The rate of change of one quantity with respect to another is the change in the first quantity, divided by the change in the second. As in previous examples, we found the rate at which money was made with respect to time by dividing the amount of money made by the time required to make it.

By analogy, the rate at which we use fuel with respect to miles traveled is the change in the amount of fuel divided by the number of miles traveled. In this case we use 60 gallons of fuel in 1200 miles, so the average rate it 60 gal / (1200 miles) = .05 gallons / mile.

Note that this question didn't ask for miles per gallon. Miles per gallon is an appropriate and common calculation, but it measures the rate at which miles are covered with respect to the amount of fuel used. Be sure you see the difference.

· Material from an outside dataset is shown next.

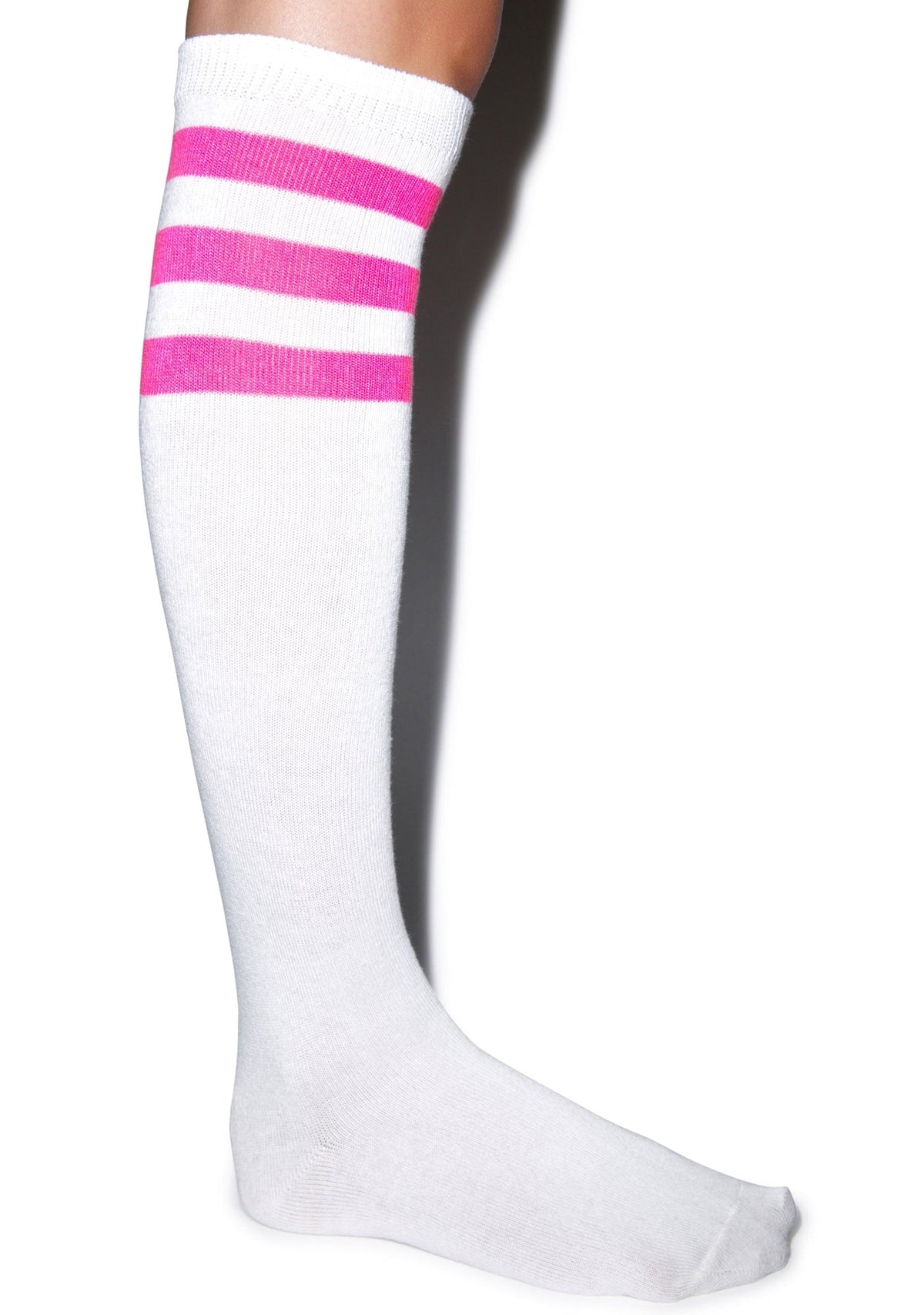 Rockin' White Stripe Socks - Dark Pink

Note that in this problem we again have here an example of a rate, but unlike previous instances this rate is not calculated with respect to time. This rate is calculated with respect to the amount of fuel used. We divide the accumulated quantity, in this case miles, by the amount of fuel required to cover t miles. Note that again we call the result of this problem an average rate because there are always at least subtle differences in driving conditions that result in more or fewer miles covered with a certain amount of fuel.

It's very important to understand the phrase 'with respect to'. Whether the calculation makes sense or not, it is defined by the order of the terms.

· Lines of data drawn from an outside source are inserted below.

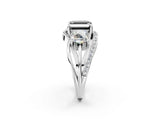 White gold Three-Stone Fancy Black Asscher Cut Cut Diamond Split Shank Prong Set Ring_14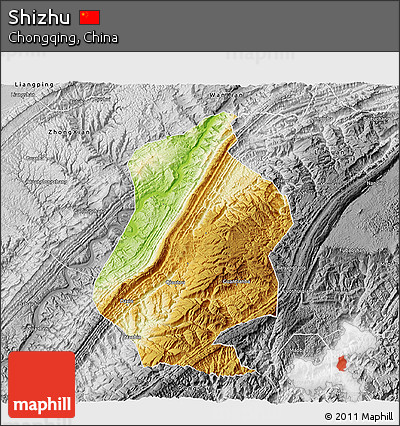 Physical 3D Map of Shizhu, desaturated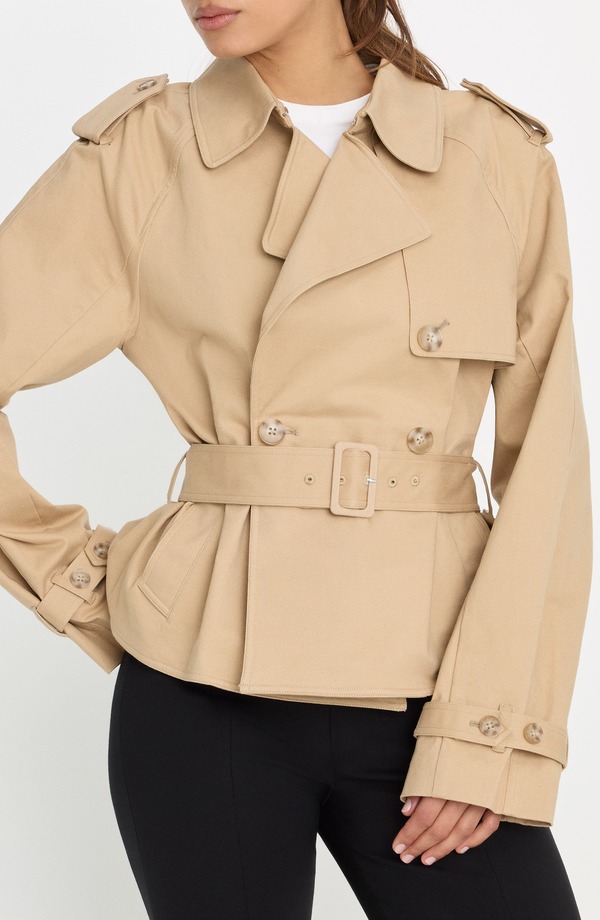 グッドアメリカン レディース アウター ジャケット・ブルゾン Good American Crop Trench Jacket Sandy Fawn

In this case gallons / mile tells you how many gallons you are burning, on the average, per mile. This concept is not as familiar as miles / gallon, but except for familiarity it's technically no more difficult.

You need to make note of anything in the given solution that you didn't understand when you solved the problem. If new ideas have been introduced in the solution, you need to note them. If you notice an error in your own thinking then you need to note that. In your own words, explain anything you didn't already understand and save your response as Notes.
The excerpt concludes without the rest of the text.